My DH and I have been married almost 6 months now, and we were dating for a year and a half before we were married. Our relationship started a few days before he went to pick his kids up full time after being in Afghanistan for a year. The BM is on drugs and has exposed SS8 and SS6 to various harmful encounters, and in their eyes, the main person in their life who has raised them is their grandpa, BM's father. The skids live in CA with us during the school year, and they live in MT with BM and her family in the summer.
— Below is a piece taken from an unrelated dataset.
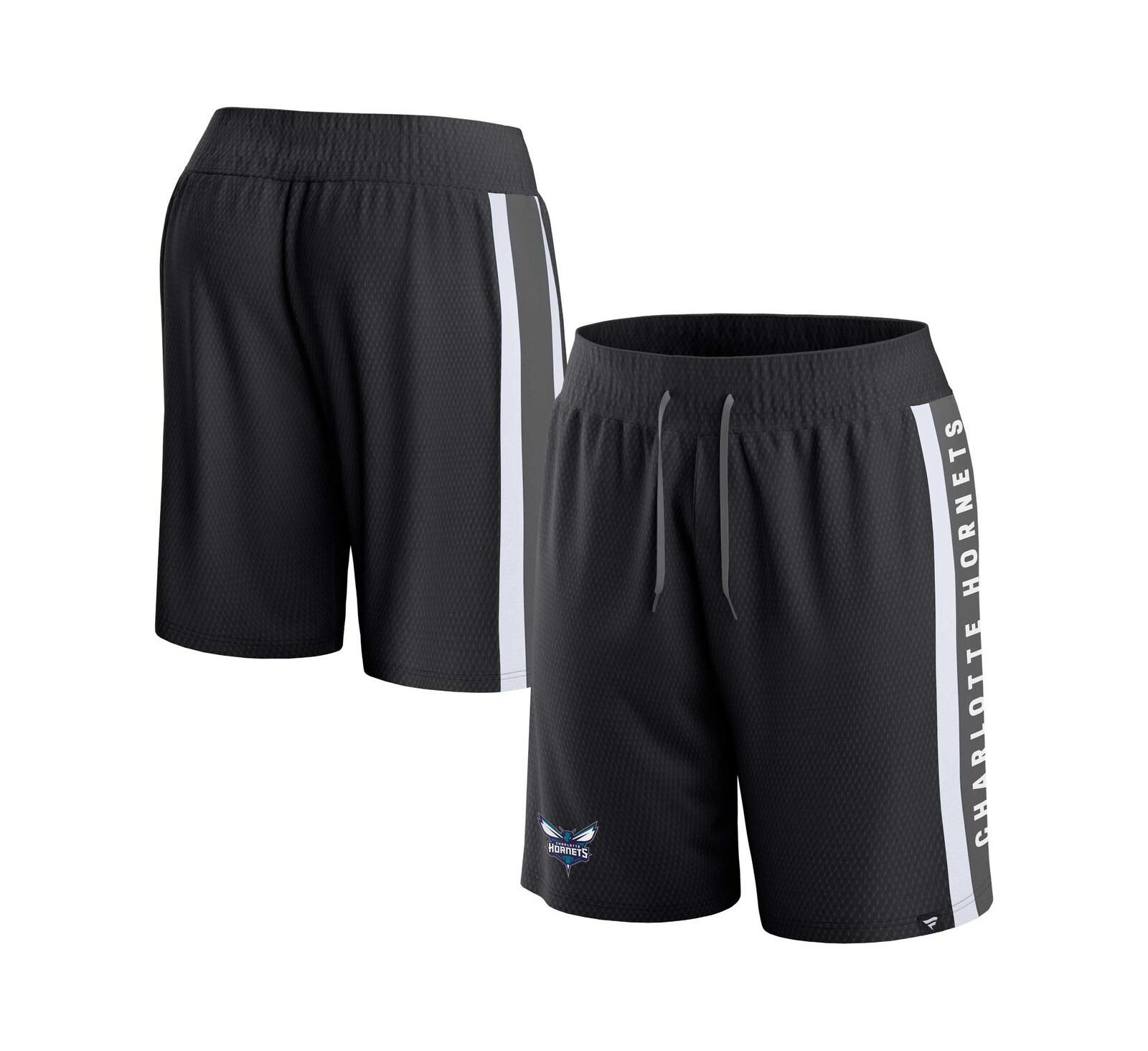 Men's Fanatics Black Charlotte Hornets Referee Iconic Mesh Shorts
About 4-6 months into dating (we were pretty much already living together), I realized how stressful it was on DH being a new FT single father and how ill-disciplined the skids were, how malnourished they were, and their desperate need for help with school. I slowly stepped in and started making small changes for DH and skids to incorporate into their life in hopes of relieving some stress for my DH, then BF. After they came back from the summer, we had to re-discipline them, and I automatically just took on the role of mother. When we announced we were getting married, SS7 (at the time) asked if he could call me mom, and after discussing it with DH, we decided they could call me mom if they chose to. Grades picked up in school, attitudes and behaviors were phenomenal, and the skids were getting more active in hobbies outside of the house.
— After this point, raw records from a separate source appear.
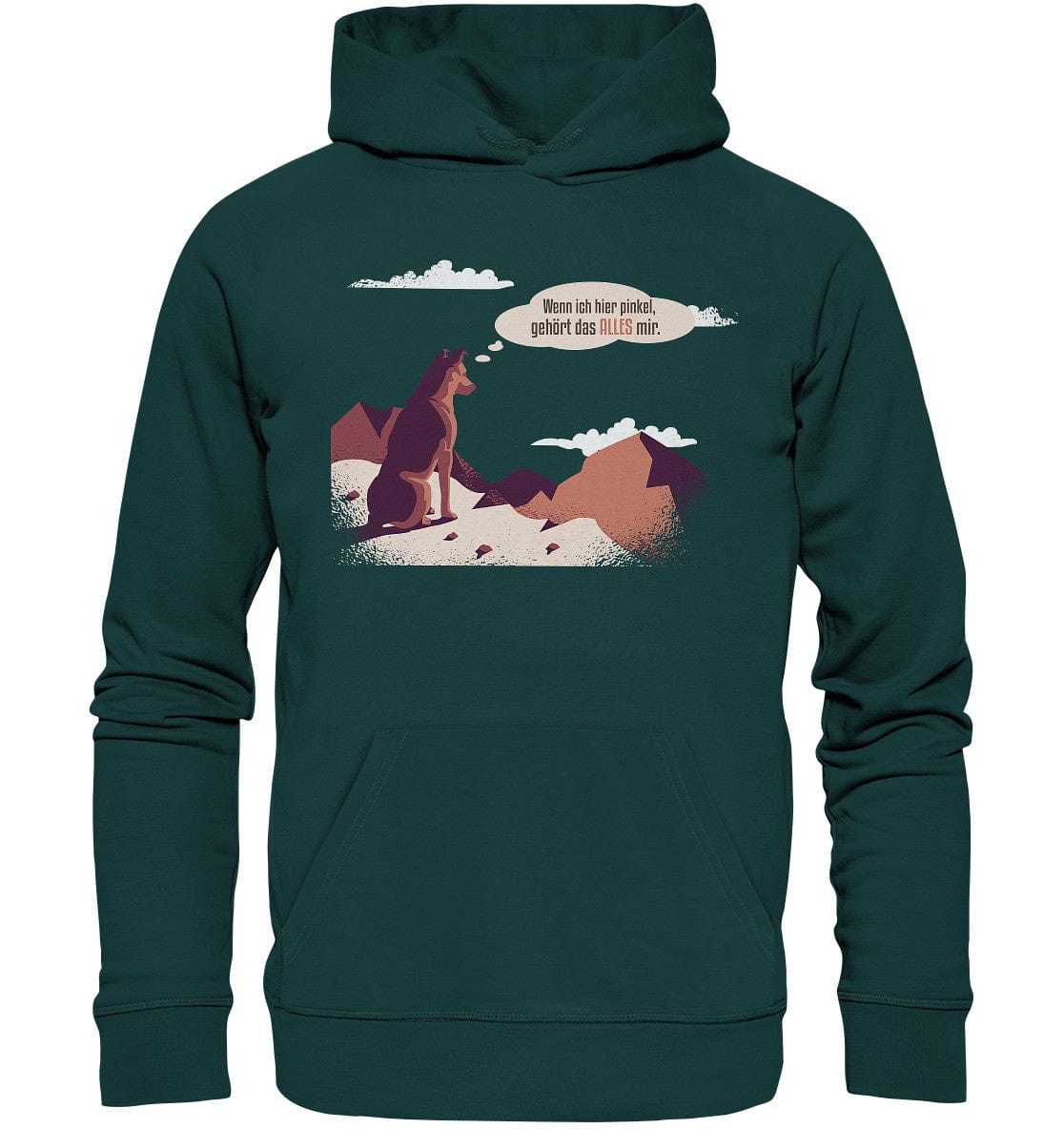 Schäferhund in den Bergen - Organic Hoodie Glazed Green / XS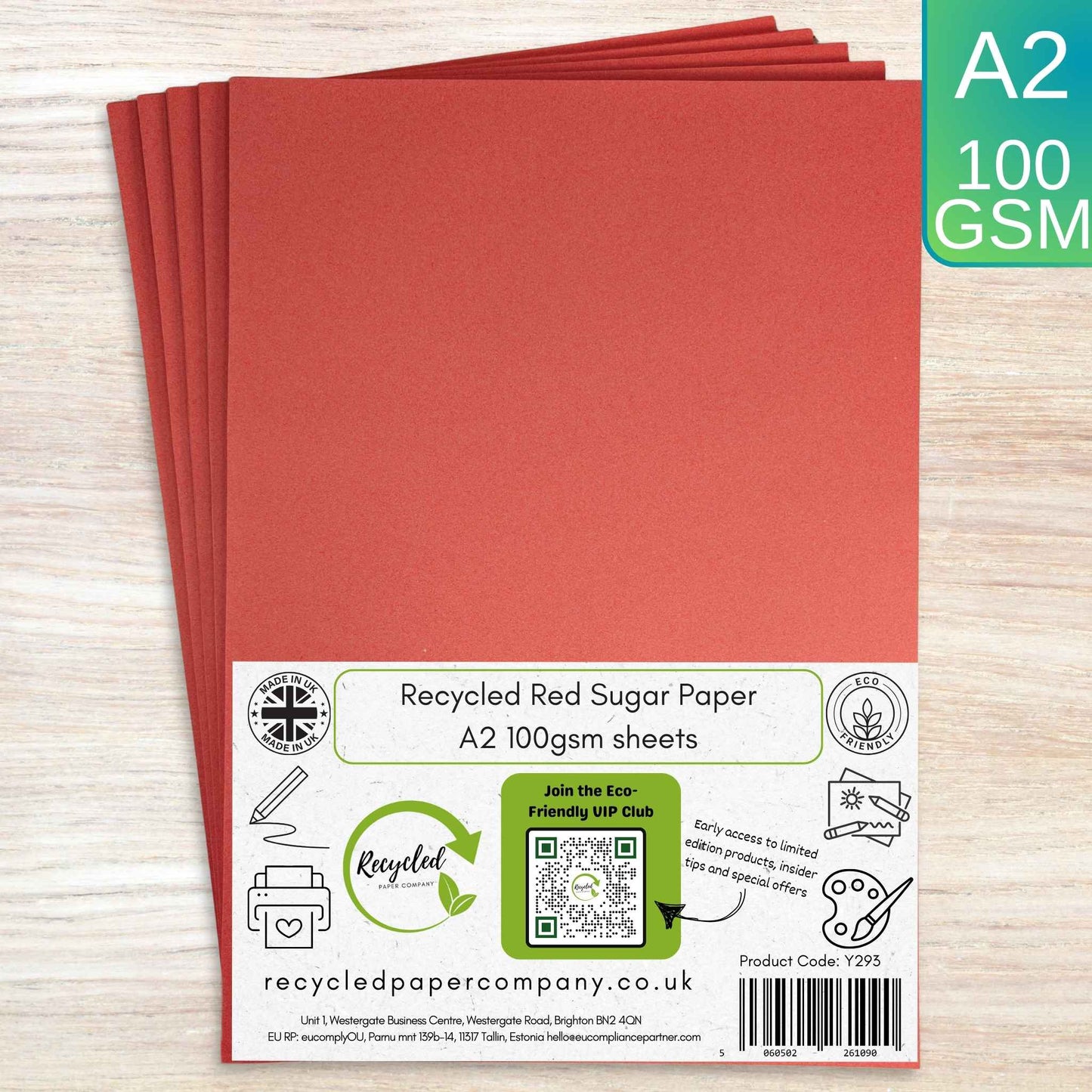 A2 Red Sugar Paper Recycled 100gsm for Arts and Crafts
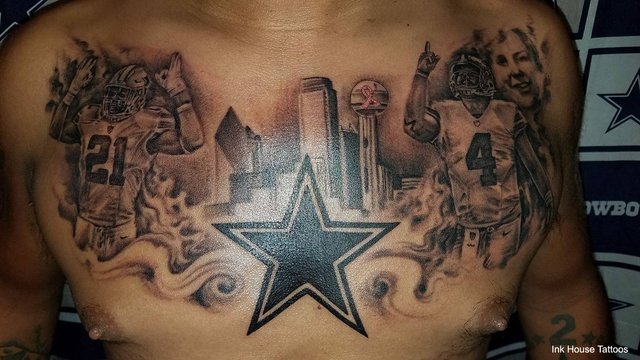 FOX4's tweet photo. Cowboys fan tattoos Dak &amp; Zeke across his chest https://t.co/GDbBUQF9XB https://t.co/JQ2BkG0OIB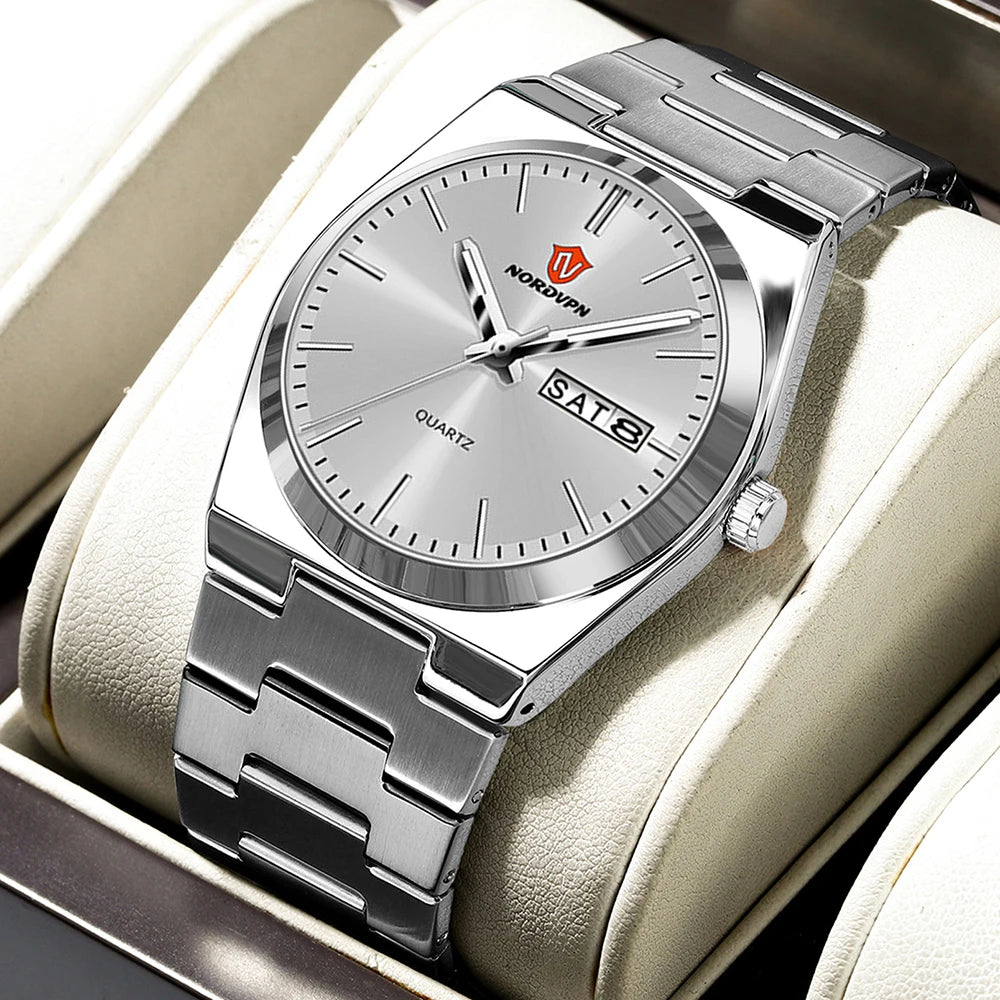 Elegant women's ultra-thin silver-tone quartz watch with a matching steel link bracelet and date display.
After this last summer, I was sort of dreading their return because I knew it would take a lot of work to get them back on track, but also excited to have them back! They were informed by BM and her family that they couldn't call me mom anymore, which hurt my feelings, and sadly I think I have been allowing it to translate over to the skids. My DH and I have different forms of consequences, I lecture (OK, sometimes yell, but I usually can apologize for yelling and bring myself back to a calm tone) and ground them from T.V. (it used to be for the rest of the day or a week, but I saw this agitated DH, so I shortened it to an hour at a time) and explain to them the behaviors I would rather see them do. DH threatens to spank them, and leaves the room only to go back and do it all over again. He recently told me that he thinks I am too harsh on the skids and I need to lay off, especially when it's the weekends, and that they should be allowed to just be kids and not have to "walk on eggshells" around me.
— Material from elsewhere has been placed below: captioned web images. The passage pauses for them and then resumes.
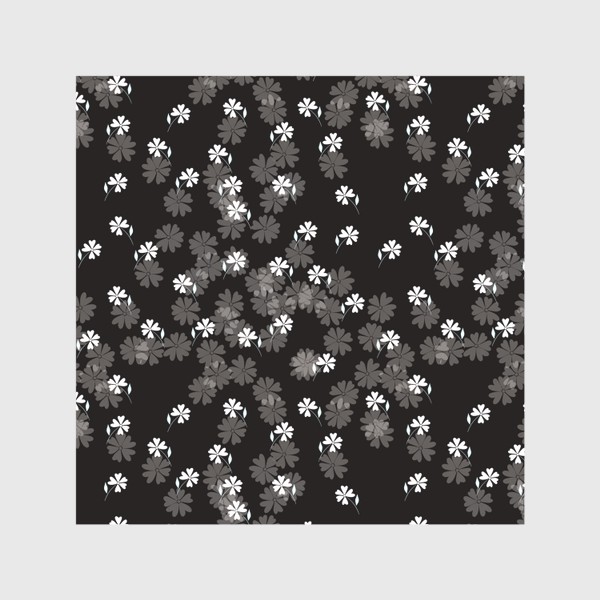 Скатерть «Мелкие цветы на чёрном»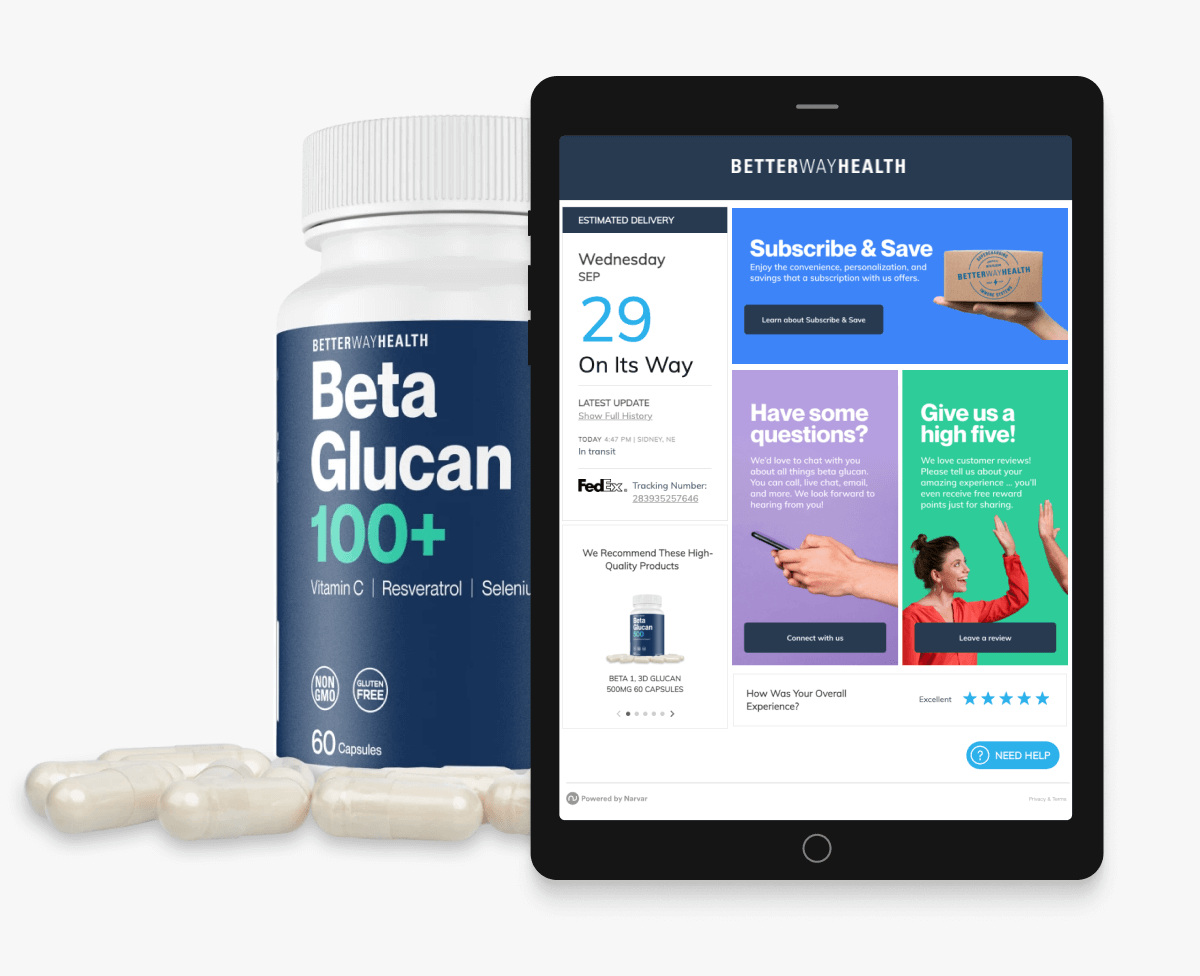 Better Way Health Beta Glucan 100 and their Narvar Track page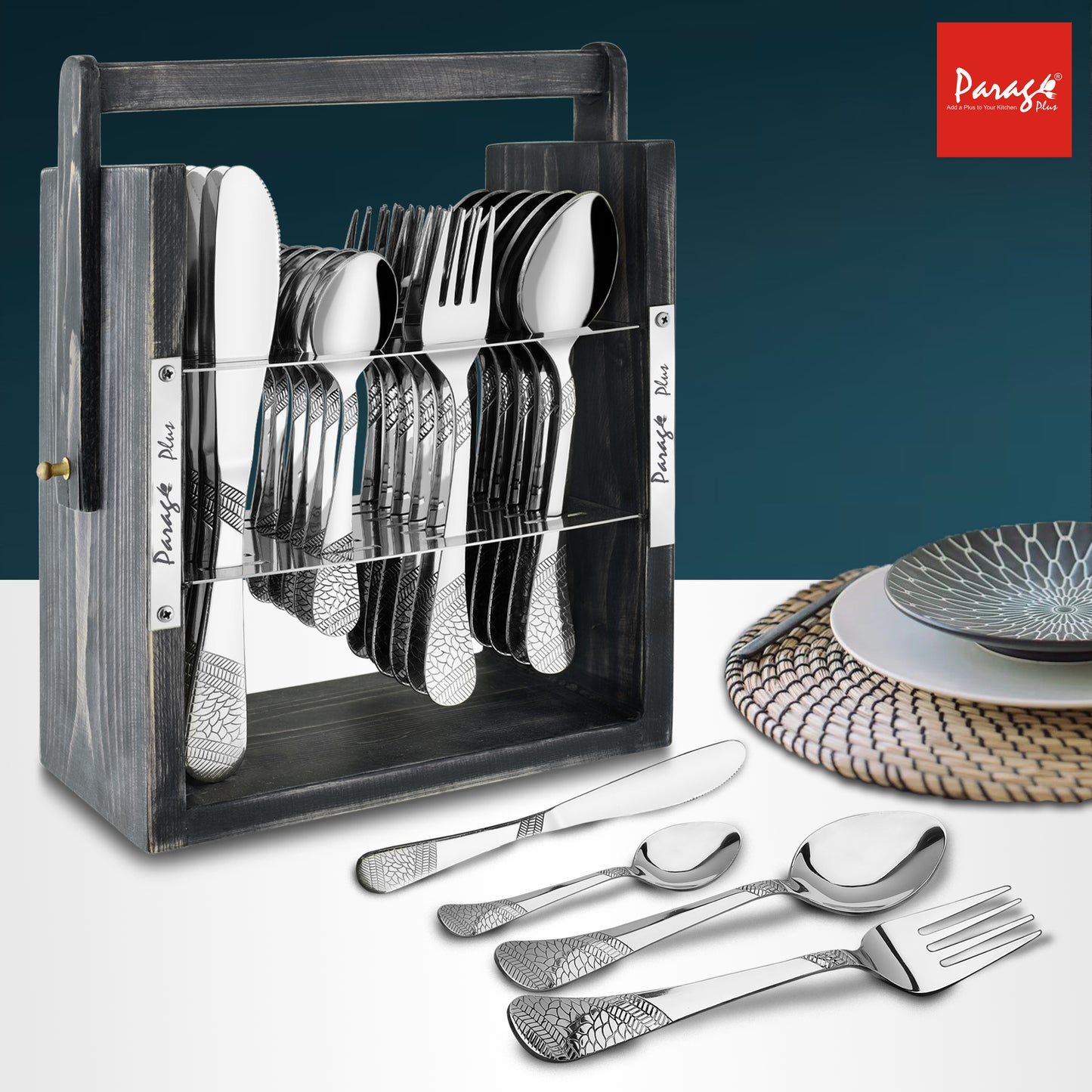 25-Piece Stainless Steel Imperial Cutlery Set | Includes 6 Tea Spoons, 6 Table Spoons, 6 Table Forks, 6 Knives - Stylish Wooden Dining Set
I feel like I made a HUGE mistake imposing my parental views onto his family, and have told him that I want to step back when it comes to decision making and disciplining. Now when the skids ask if they can watch T.V., if they need to finish their dinner, if they're allowed to do "x", I simply tell them to go ask daddy. I find myself in my room most of the time, and not enjoying my time with the family as much as I used to before he brought it up. He says he wants to be co-parents, I just don't know what to do. It's a huge change going from full on mom mode, to co-parenting with a man who, on the weekends when he's home, spends his time between the backyard, the garage, and inappropriate T.V. watching, spending almost no time with the kids, and me being inside ALL day with them allowing them to "just be kids". WTF does that mean?!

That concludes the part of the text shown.